Curiosity is innate. Fear is learned.
Sometimes what comes first is the thing to hold onto.

slow down before making the turn

Do you feel absolutely inundated with information, ideas, and inspiration?

Do you feel like big changes need to be made in your life but you can’t quite articulate them much less set them into motion?

If the answer is “Yes” to both of those questions, than perhaps it is time for you – in whatever way that you can – to slow down. Take time to digest all those ideas. Take time to reflect on all that inspiration. Take time to gather all the information that is needed. Take time to understand the changes that are occurring and the role you play in activating those changes.

As we all learned when Mom or Dad gave us a driving lesson: you have to slow down before making the turn.

take a moment

In the midst of a busy day or a busy week or a busy month, sometimes it’s good to just stop for a moment and look at the world around you.
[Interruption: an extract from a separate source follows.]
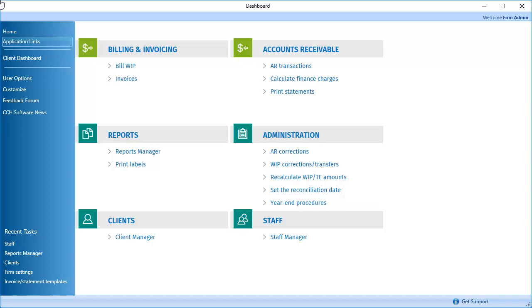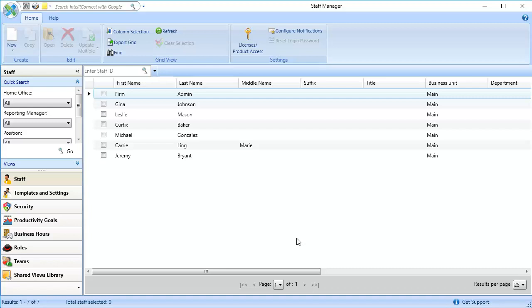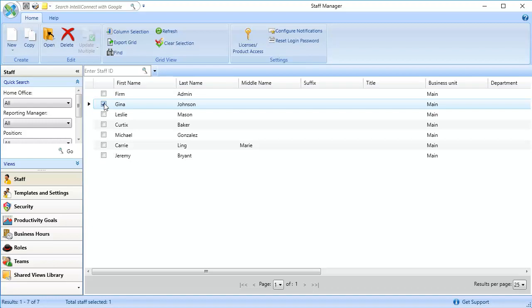To get started, on the Dashboard Application Links tab, click Staff Manager. Select the checkbox for the staff member that you're changing the billing rate for. On the Home ribbon, click Open.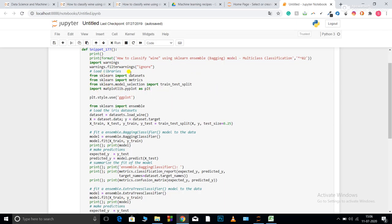Now from sklearn I imported data sets and from sklearn I imported matrices. So this matrices module basically provides me with many different measuring techniques. For example, for regression, it provides me with neg mean squared error, neg absolute error, and all those, and I can use them to measure the accuracy of my data set.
Give yourself a moment to just breathe.

There’s so much possibility in that moment.


imagination is genius

“The true sign of intelligence is not knowledge but imagination.”

“Logic will get you from A to B. Imagination will take you everywhere.”

– Albert Einstein

The society in which I was formed preaches that knowledge and logic trump anything creative. “You have such an imagination” is a phrase that, at times, has been used to shame or silence children and adults alike.

Einstein knew firsthand that logic and knowledge only got him so far. It was his imagination that made him a genius.

Sometimes making an imaginative choice in life is a risk, particularly when others view it as illogical. We must remember to embrace imagination for the special intelligence that it is.